The sharp fall in the value of the Australian dollar (AUD) has been a major topic of discussion in financial markets. The AUD has predominately fallen due to the relative strength of the US dollar (USD) but also due to prolonged weakness in commodity prices and mounting concerns over the growth outlook for China.
In terms of the Australian economy, few would argue that a falling AUD isn’t absolutely necessary to help offset the impact of falling commodity prices and to stimulate other key areas of the economy including education, domestic tourism and what remains of our manufacturing sector.
Despite the recent decline in the AUD from US$0.93 to around US$0.78, the Reserve Bank of Australia, in its commentary is still of the view that the currency “remains above most estimates of its fundamental value”.

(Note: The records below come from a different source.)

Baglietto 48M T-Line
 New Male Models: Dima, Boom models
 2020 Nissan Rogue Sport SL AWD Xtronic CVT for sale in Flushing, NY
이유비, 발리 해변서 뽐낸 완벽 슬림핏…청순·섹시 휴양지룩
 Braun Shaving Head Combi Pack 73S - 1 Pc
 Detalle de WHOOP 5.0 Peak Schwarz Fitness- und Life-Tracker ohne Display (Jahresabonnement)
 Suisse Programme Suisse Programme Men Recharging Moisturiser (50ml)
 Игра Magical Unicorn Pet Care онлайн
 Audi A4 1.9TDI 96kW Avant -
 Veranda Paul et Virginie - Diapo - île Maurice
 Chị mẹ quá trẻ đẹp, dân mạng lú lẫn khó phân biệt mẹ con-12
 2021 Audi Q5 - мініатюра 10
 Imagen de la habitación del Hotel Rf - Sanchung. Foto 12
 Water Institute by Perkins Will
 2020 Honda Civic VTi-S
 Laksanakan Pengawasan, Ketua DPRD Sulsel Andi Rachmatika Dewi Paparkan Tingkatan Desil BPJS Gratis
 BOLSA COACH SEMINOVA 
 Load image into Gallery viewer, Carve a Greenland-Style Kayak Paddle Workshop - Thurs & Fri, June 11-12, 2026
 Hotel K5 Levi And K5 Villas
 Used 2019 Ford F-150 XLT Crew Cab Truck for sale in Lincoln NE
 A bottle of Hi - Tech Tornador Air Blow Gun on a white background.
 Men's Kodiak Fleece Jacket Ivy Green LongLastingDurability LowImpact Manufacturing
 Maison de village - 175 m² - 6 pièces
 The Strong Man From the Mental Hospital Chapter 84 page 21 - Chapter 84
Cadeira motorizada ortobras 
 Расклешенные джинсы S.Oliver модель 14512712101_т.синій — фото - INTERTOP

Last year’s statement reiterated that the currency remains high and that “it is offering less assistance than would normally be expected in achieving balanced growth in the economy”.
Within the small cap universe, a falling AUD is typically a positive for:
•miners, as commodities are typically priced in USD
•those companies which have material offshore earnings (translational impact)
•domestic tourism and education providers, and
•for those companies which compete with imports.
On the flipside, it is negative for net importers, such as JB Hi-Fi or The Reject Shop, which source much of their product offshore in US dollars.
One of the investments in the small cap universe with the largest leverage to a falling AUD is Select Harvests (SHV). SHV grow, package and sell almonds to both domestic and international buyers,
with all sales (including domestic sales) based on international reference pricing.
The benchmark Californian pricing for almonds has been increasing in USD terms, which compounds with the weakening AUD to result in a greater increase in the AUD pricing. On the other side of the equation, SHV has almost all its expenses denominated in AUD which will result in increased margins. For example, a one per cent increase in the AUD almond price could result in as much as a two per cent uplift in profit before tax (before accounting for increased costs of fuel/chemicals etc, the price of which may escalate in a weaker AUD environment).
We expect the currency to stabilise around its current level in the near term as a number of competing factors offset each other. However it it needs to be noted that lowering interest rates could also affect the AUD.
Ordinarily the currency could be expected to remain under pressure relative to the USD as the terms of trade continue to decline and as key commodities, notably iron ore, remain weak.
However, recent strength in the USD and weak overseas growth has Federal Reserve officials concerned that the US economy could slow and inflation drop below the Fed’s two per cent objective. As a result, US interest rates are now not expected to rise until late 2015.
This development ought to help the AUD hold around its current levels in the near-term.